**ABOUT THIS EXERCISE:**
Will you write out the data exactly, excluding every picture?
====== RAW DATA ======
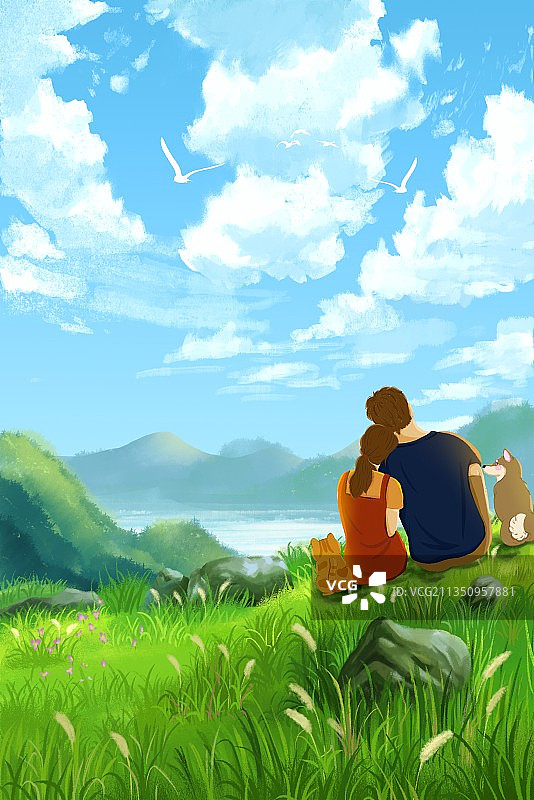 看山水图片素材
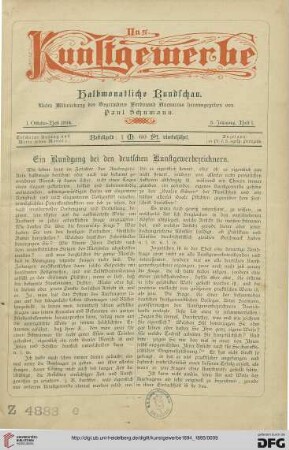 1. Oktober-Heft 1894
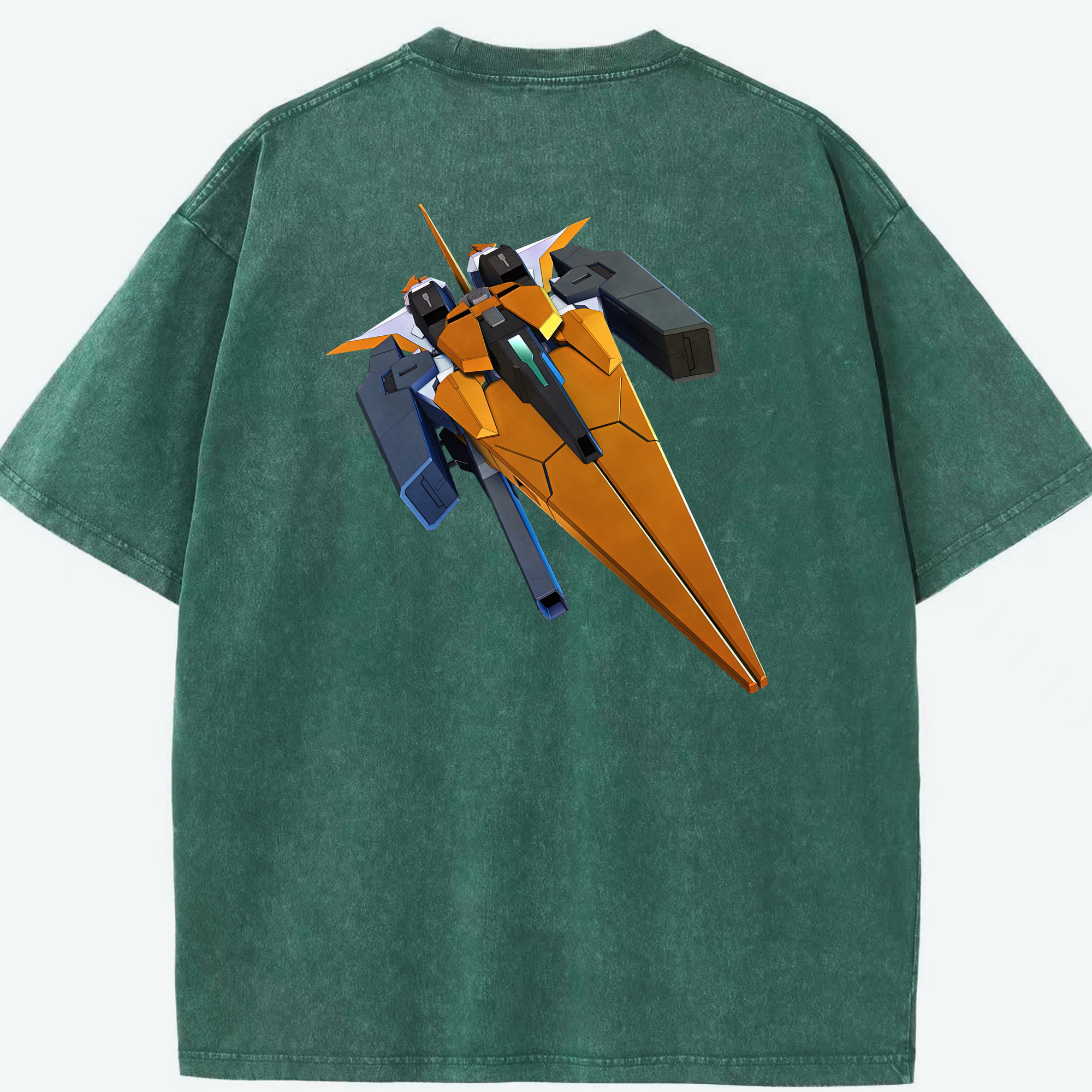 （画像用） 機動戦士ガンダム Mobile Suit Gundam 綿100% ヴィンテージ風 半袖Tシャツ（背面プリント）
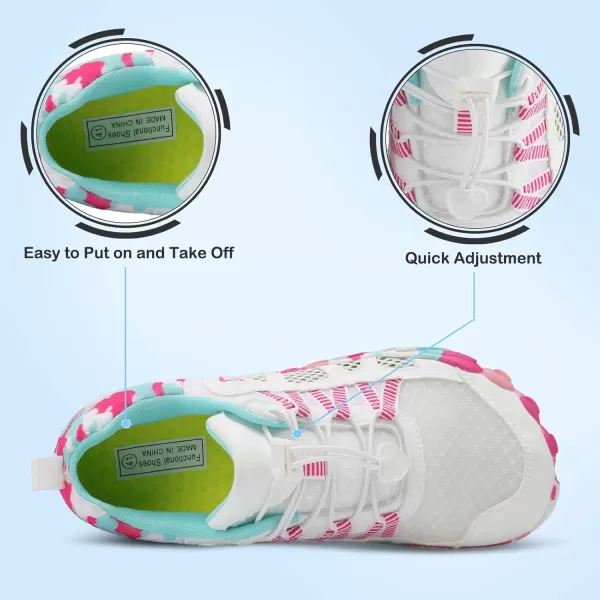 LRUN Barefoot Water Shoes Women Mens Aqua Sock Athletic Hiking Water Sports Shoes for Swim Beach Pool Sand Diving WalkingNwhite Camouflage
======
**SOLUTION:**
 看山水图片素材
 1. Oktober-Heft 1894
 （画像用） 機動戦士ガンダム Mobile Suit Gundam 綿100% ヴィンテージ風 半袖Tシャツ（背面プリント）
 LRUN Barefoot Water Shoes Women Mens Aqua Sock Athletic Hiking Water Sports Shoes for Swim Beach Pool Sand Diving WalkingNwhite Camouflage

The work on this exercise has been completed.